▶ _Try it_: A faithful transcript of all the lines below, with no pictures, is the goal here.

▶ _Data_:
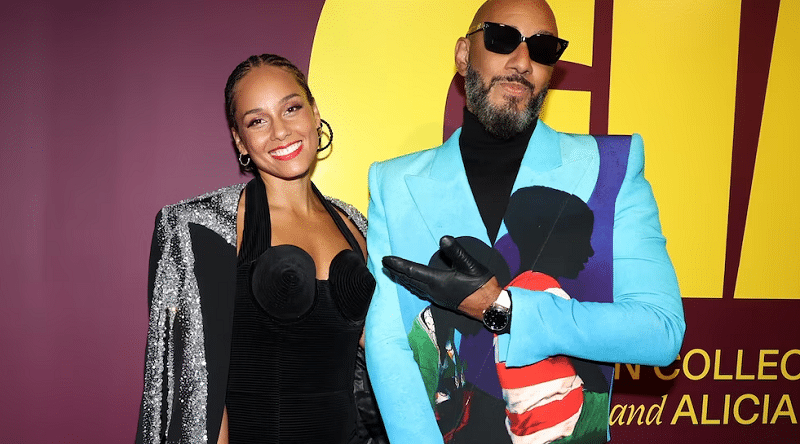 Is Alicia Keys And Swizz Beatz Still Together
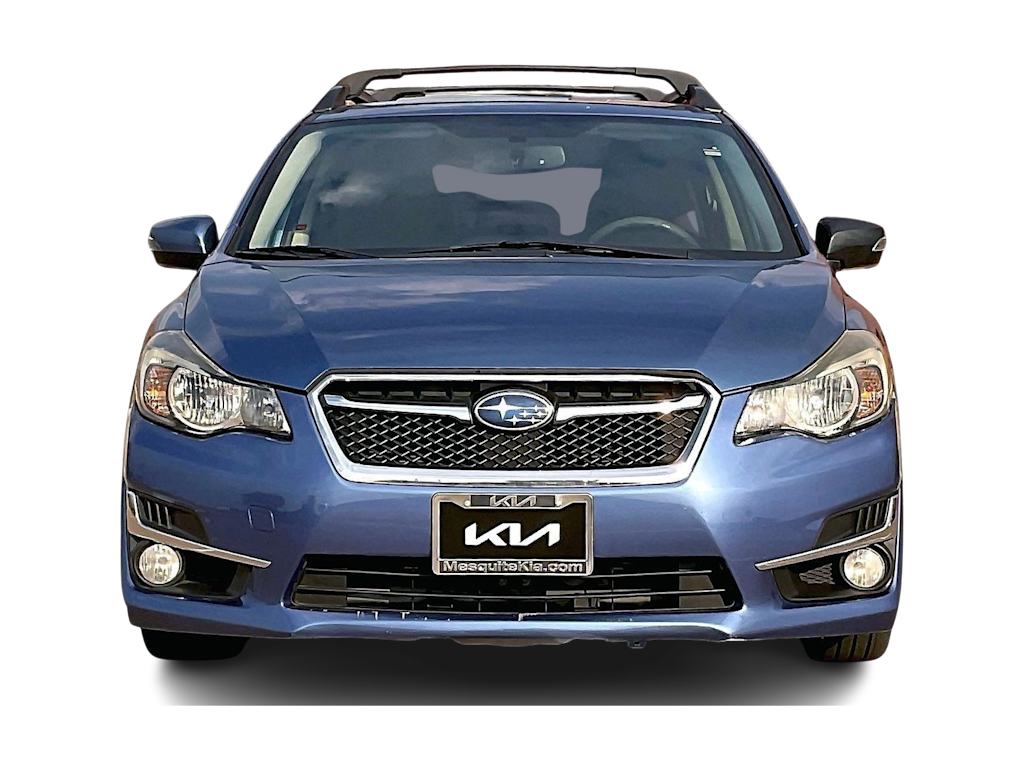 Thumbnail: 2015 Subaru Impreza - 6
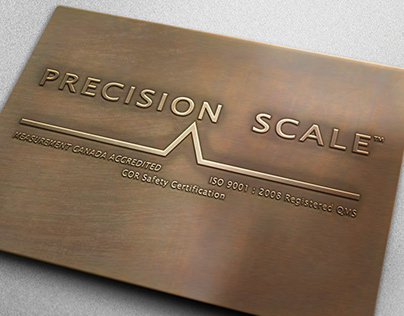 Precision Scale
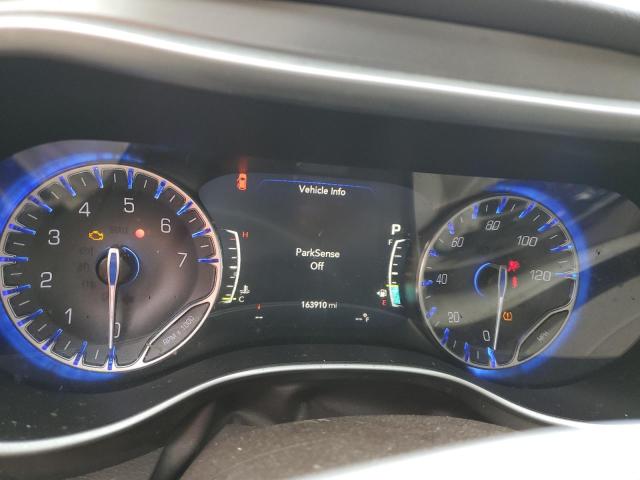 1G1FB1RS7J0177167 - 2018 CHEVROLET CAMARO LT BLACK photo 9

▶ _Output of the task_:
 Is Alicia Keys And Swizz Beatz Still Together
 Thumbnail: 2015 Subaru Impreza - 6
 Precision Scale
 1G1FB1RS7J0177167 - 2018 CHEVROLET CAMARO LT BLACK photo 9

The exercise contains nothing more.